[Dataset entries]
┌────────

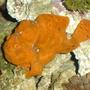 saltwater fish - antennarius sp. - red/orange angler stocking in 90 gallons tank - 5" FROGFISH---NAMED BUBBA!!!!!!!!
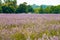 View of Lavender at the Mayfield Lavender farm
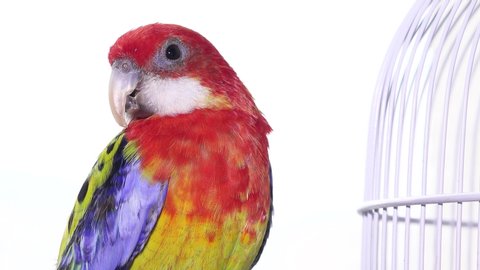 Rosella Parrot Bird, Australian Birds in Captivity, Pet in Cage
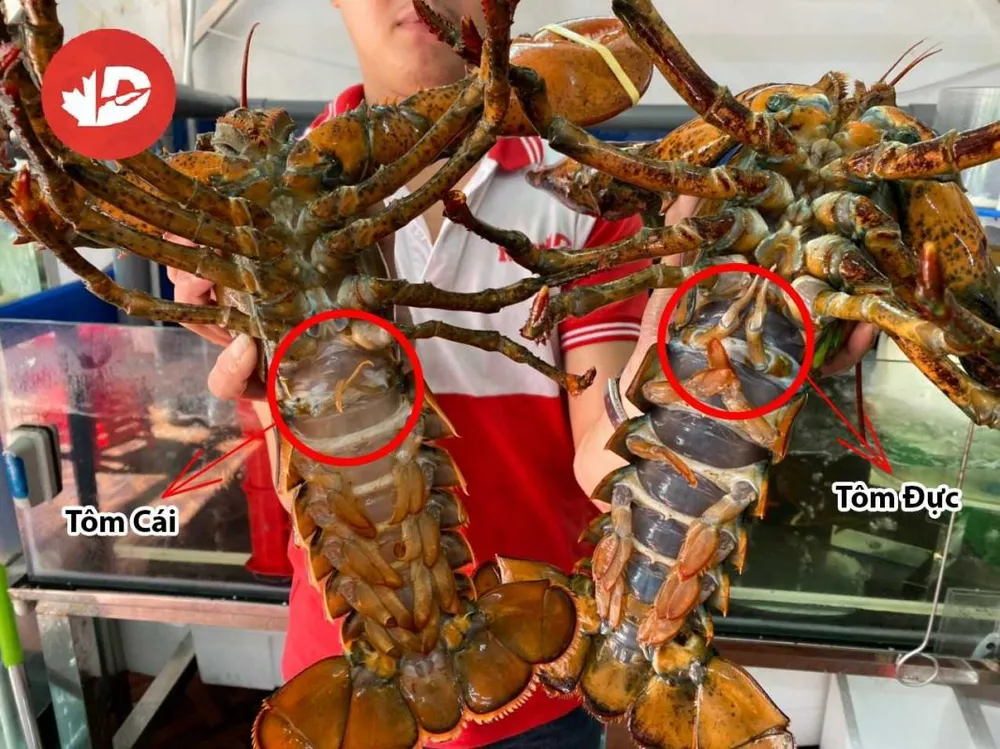 Đôi vi của tôm hùm cái mềm hơn so với tôm hùm đực. Ảnh: Hải sản Sài Gòn.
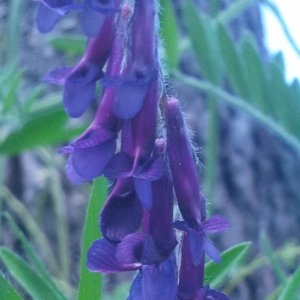 Photographie n°134300 du taxon Vicia villosa Roth [1793]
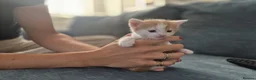 Mixed Breed cats for sale: Fluffy kittens  - Advert 5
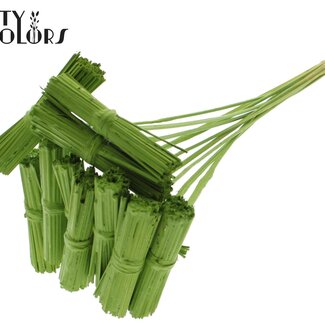 QC Kore Boeketje op stok | Kleur: Lichtgroen | Kore Bijsteker | Lengte bijsteker ± 50 centimeter | 10 bijstekers per bos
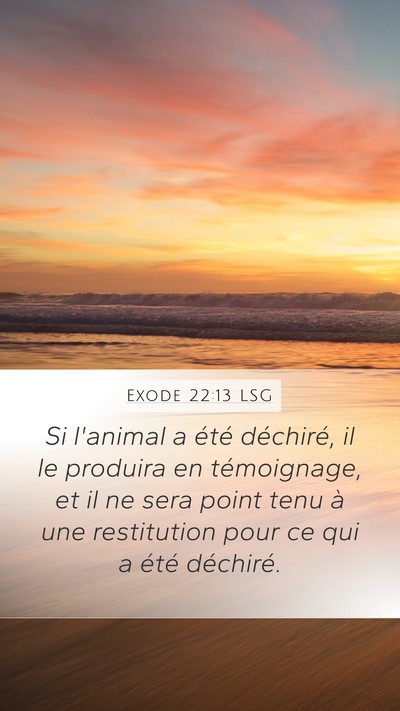 Exode 22:13 LSG Mobile Phone Wallpaper - Si l'animal a été déchiré, il le produira en - Mobile Bible Verse Wallpaper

└────────

_Aim of the exercise_.
Begin at the line with "Mixed Breed cats" and retype exactly every line through the last one of the entries above, both included, and nothing more; pictures stay out.

_Solution_.
 Mixed Breed cats for sale: Fluffy kittens  - Advert 5
 QC Kore Boeketje op stok | Kleur: Lichtgroen | Kore Bijsteker | Lengte bijsteker ± 50 centimeter | 10 bijstekers per bos
 Exode 22:13 LSG Mobile Phone Wallpaper - Si l'animal a été déchiré, il le produira en - Mobile Bible Verse Wallpaper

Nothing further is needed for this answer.